C’est un jour comme les autres sur BFM TV, petite reine des télévisions francophones dédiées à l’actualité. Entre deux plateaux dédiés au tueur fou de Nice, la présentatrice annonce une attaque de la coalition internationale contre les positions de Daech en Syrie. Le changement de ton est alors brutal. De la compassion, la jeune femme bascule dans une neutralité tout à fait étonnante. La journaliste n’arrive pas à dire grand-chose. Elle annonce l’attaque et signale vaguement, au passage, «des victimes civiles». La voix, si pure et claire, devient hésitante, incertaine, comme si la jeune femme était gênée et en même temps pressée d’en finir.
Pendant ce temps, l’écran est occupé par une image satellitaire qui dure deux secondes à peine. Plan moyen, fixe, en plongée. L’image est monstrueuse. Elle ressemble à un champ de tir ou à la cible d’un missile. Dans le cadre, plusieurs pâtés de maisons qui s’envolent les uns à la suite des autres dans une gigantesque fumée noire. C’est d’une horreur insoutenable. Nous sommes en train d’assister, l’air de rien, au «spectacle» ahurissant d’une ville «soufflée» et anéantie en un claquement de doigts. Comme dans un jeu vidéo. Un jeu de guerre. Mais un jeu d’enfant, dans lequel les maisons sont virtuelles et les morts comptent pour du beurre.
Ce n’est pas sur BFM TV mais ailleurs, sur Aljazeera, ou sur le Net, au hasard du surfing-zapping, que l’on peut glaner des bribes d’informations complémentaires sur cet effroyable bombardement. On nage en plein cauchemar et il est dur, très dur, de glaner des informations quand les victimes sont situées de l’autre côté d’une barrière imaginaire. Une barrière nommée Daech. Quand Daech attaque, les images, les informations et les analyses nous tombent littéralement dessus. Quand Daech est attaqué, c’est le blackout. Un écran noir ou alors un «traitement» de l’information totalement stupide, voire inhumain, qui ferait passer le bombardement d’une ville pour la bande-annonce d’un blockbuster hollywoodien.
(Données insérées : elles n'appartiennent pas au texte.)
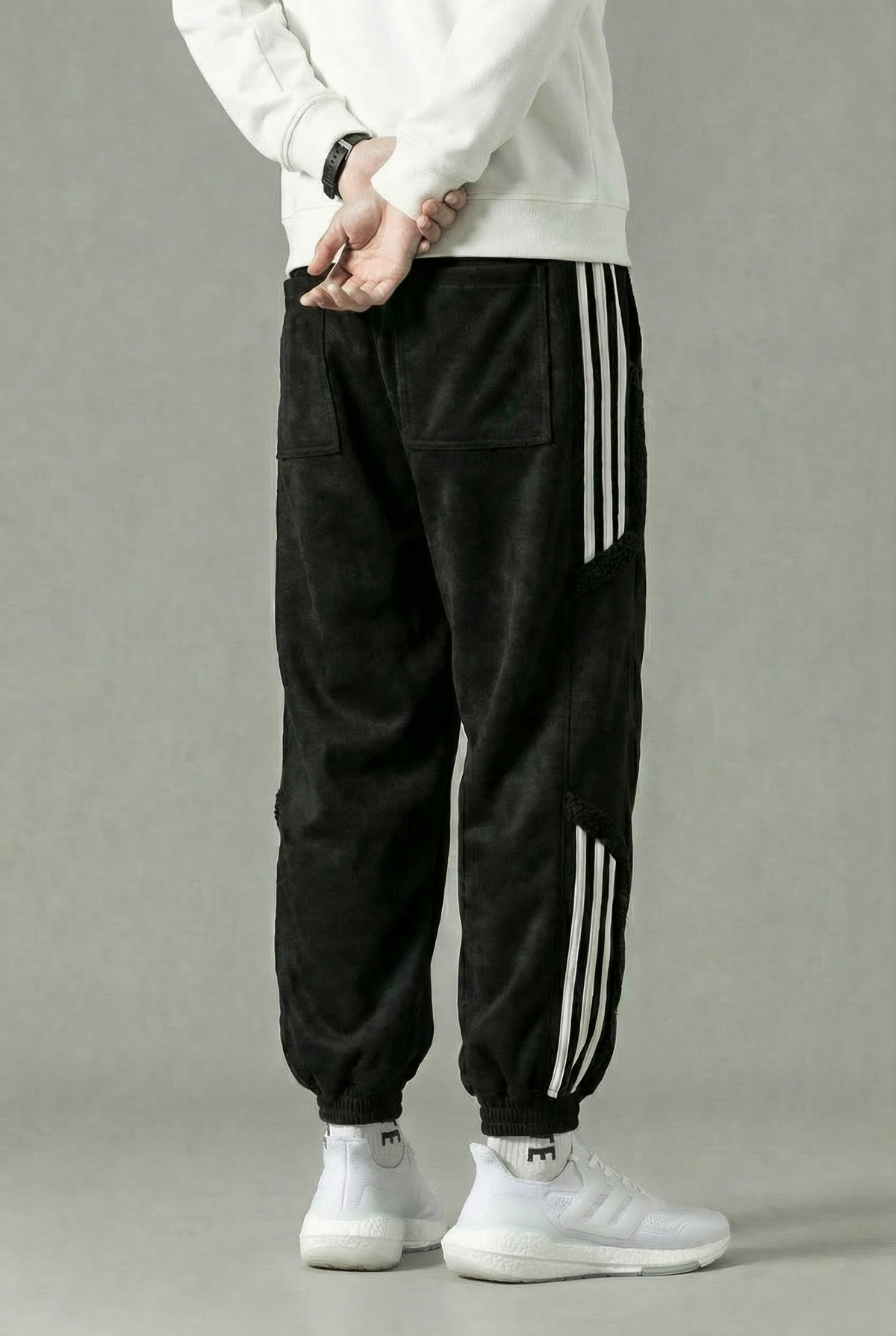 Men's  Fleece-Lined Relaxed Fit Joggers with Side Stripe Detail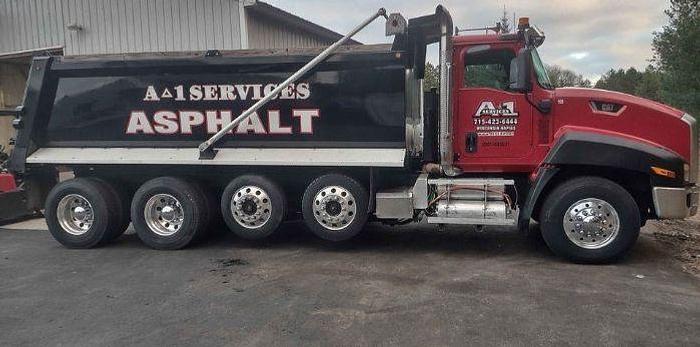 Used 2013 CATERPILLAR CT660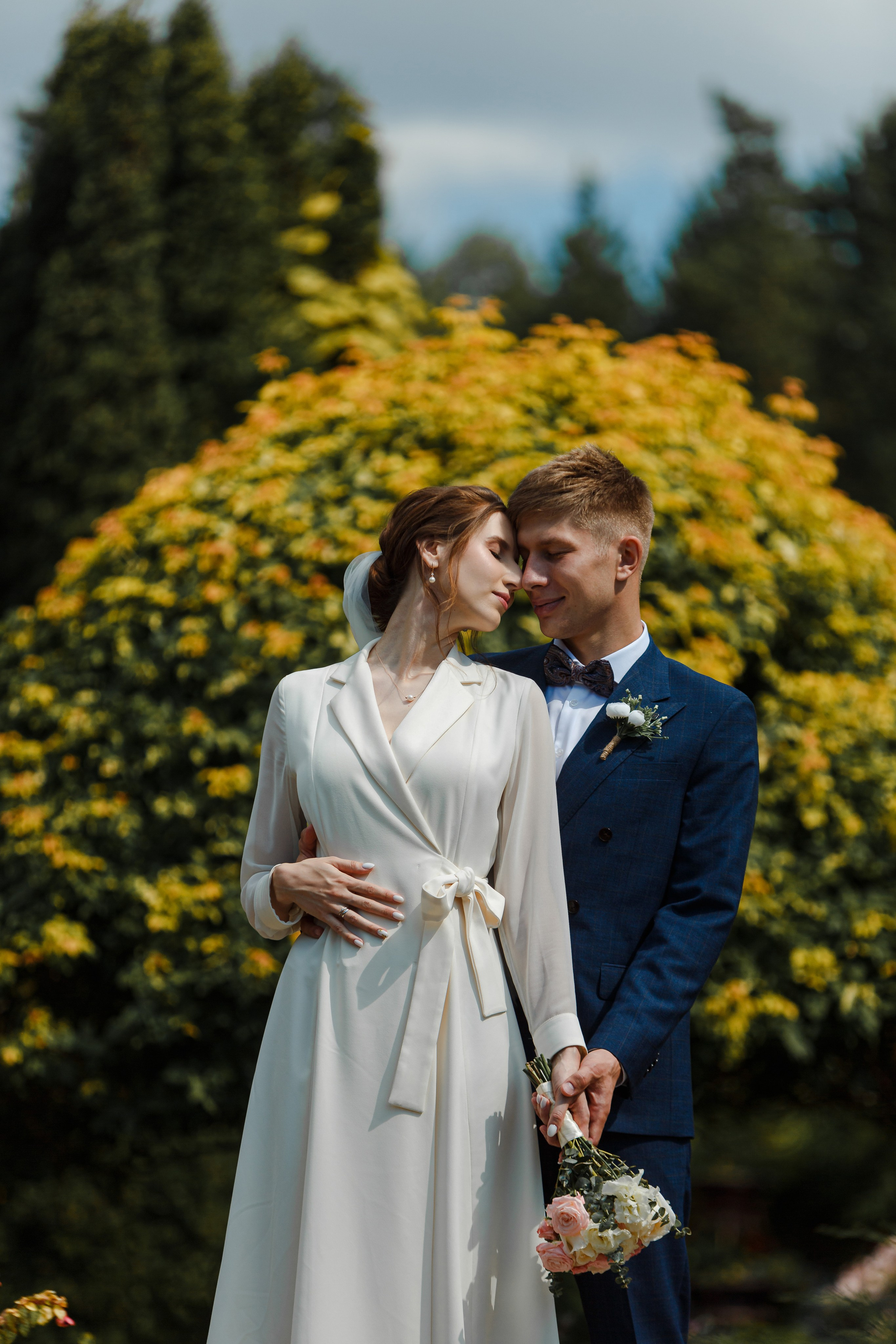 Novia y novio en la naturaleza. Fotógrafo de retrato, familia y reportajes en Valencia | España | Europa Vitalii Lumier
Le pire, et nous le savons très bien, c’est que ce n’est pas une «armée de terroristes», comme nous aimerions le croire, qui est bombardée par la coalition qui veut sauver le monde, mais une population faite de femmes et d’hommes, et de beaucoup d’enfants.
Vous avez dit malaise? Sur internet, le site d’un journal prestigieux annonce «quelques dizaines de morts» sur sa page de garde. A l’intérieur, les «quelques dizaines» deviennent allègrement «quelques centaines». Une faute d’attention du webmaster ou des jeunes rédacteurs en ligne, dira-t-on. Oui, oui, sans doute…
Nous vivons une époque où la guerre des images est au moins aussi féroce que celle des hommes. Avant, on se posait la question de savoir ce qu’il était possible de montrer. Aujourd’hui, nous en sommes presque à souhaiter qu’une sorte de HACA à l’internationale, une instance d’arbitrage et de régulation, intervienne pour régler le temps d’antenne dédié aux drames des uns et des autres.
Les choses seraient beaucoup plus simples si le monde était un jeu vidéo et la guerre une bande-annonce d’un film où les bons sont d’un côté et les méchants de l’autre.